Il faudra réfléchir aux solutions que nous pourrons proposer à l’avenir aux territoires dépourvus de grands massifs forestiers, mais qui comptent de nombreuses microparcelles ne faisant, bien souvent, l’objet d’aucun document de gestion.
Les associations de propriétaires qui se créent dans ces territoires, accomplissent très souvent, en collaboration avec des structures locales telles que les parcs naturels régionaux (PNR) ou les pays, un excellent travail pédagogique opérationnel de gestion et d’exploitation de ces espaces. Elles auront sans doute besoin d’être écoutées à l’avenir.

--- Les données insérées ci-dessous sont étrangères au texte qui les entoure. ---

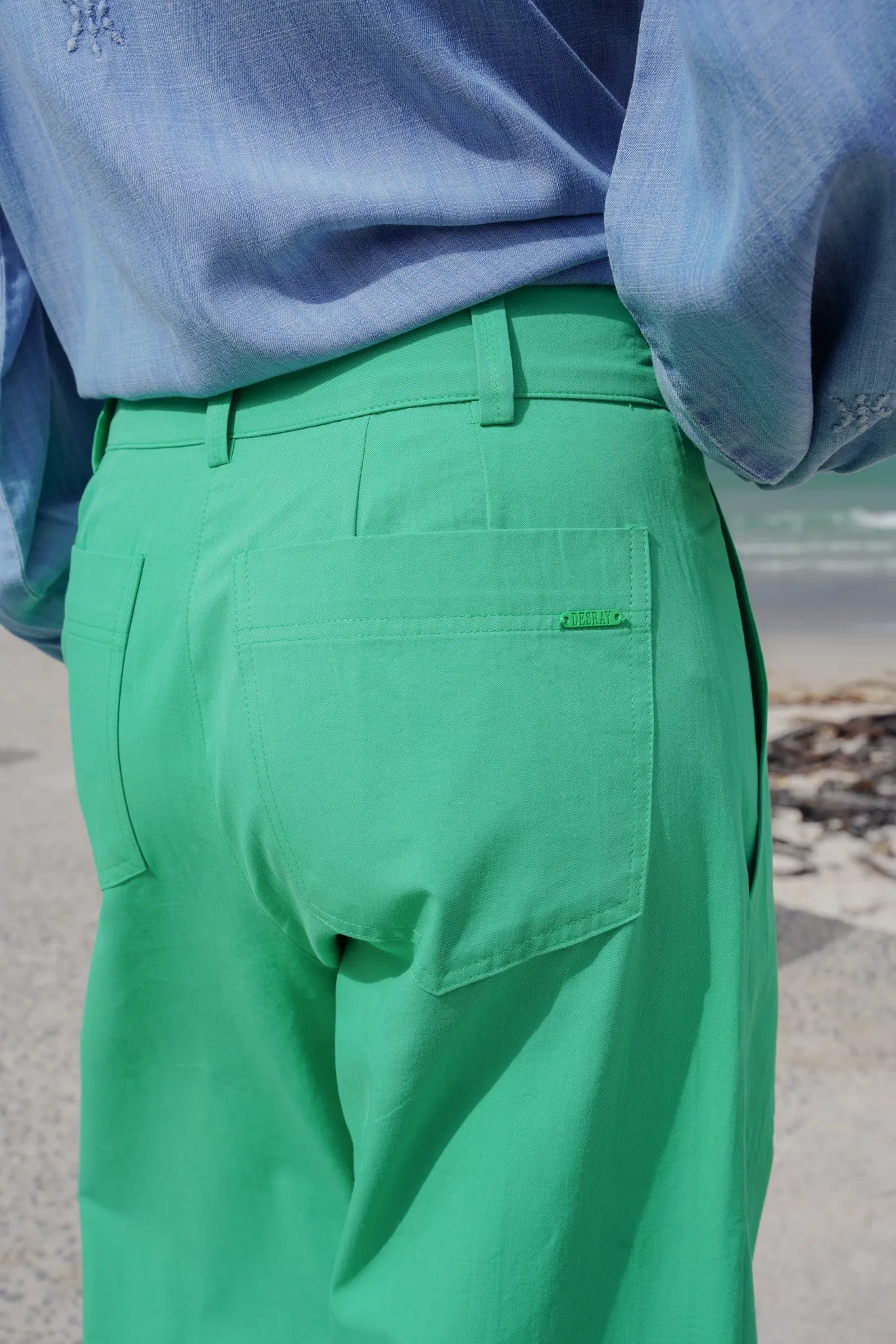 Grass Green Summer Pants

Au cours des décennies écoulées, la forêt a trop souvent été envisagée sous le seul angle du modèle économique ou du patrimoine familial.
De nouveaux usages et de nouvelles utilités sont apparus comme le tourisme, la biodiversité, l’aménagement du territoire ou le changement climatique. Cela entraîne inévitablement l’arrivée de nouveaux acteurs qui peuvent, eux aussi, avoir besoin, pour intervenir utilement, d’accéder à certaines données dont ils ne disposent pas pour l’instant.
Nous devrons sans doute réfléchir à la manière de les intégrer et prévoir d’améliorer le partage des informations, à condition toutefois que celles-ci ne soient pas systématiquement utilisées à des fins commerciales.
À ce stade, restons-en aux dispositions du présent texte. Pour toutes les raisons que j’ai exposées et au nom de la protection de nos forêts, constitutives du patrimoine naturel de la Nation, les élus du groupe Socialiste, Écologiste et Républicain voteront pour cette proposition de loi.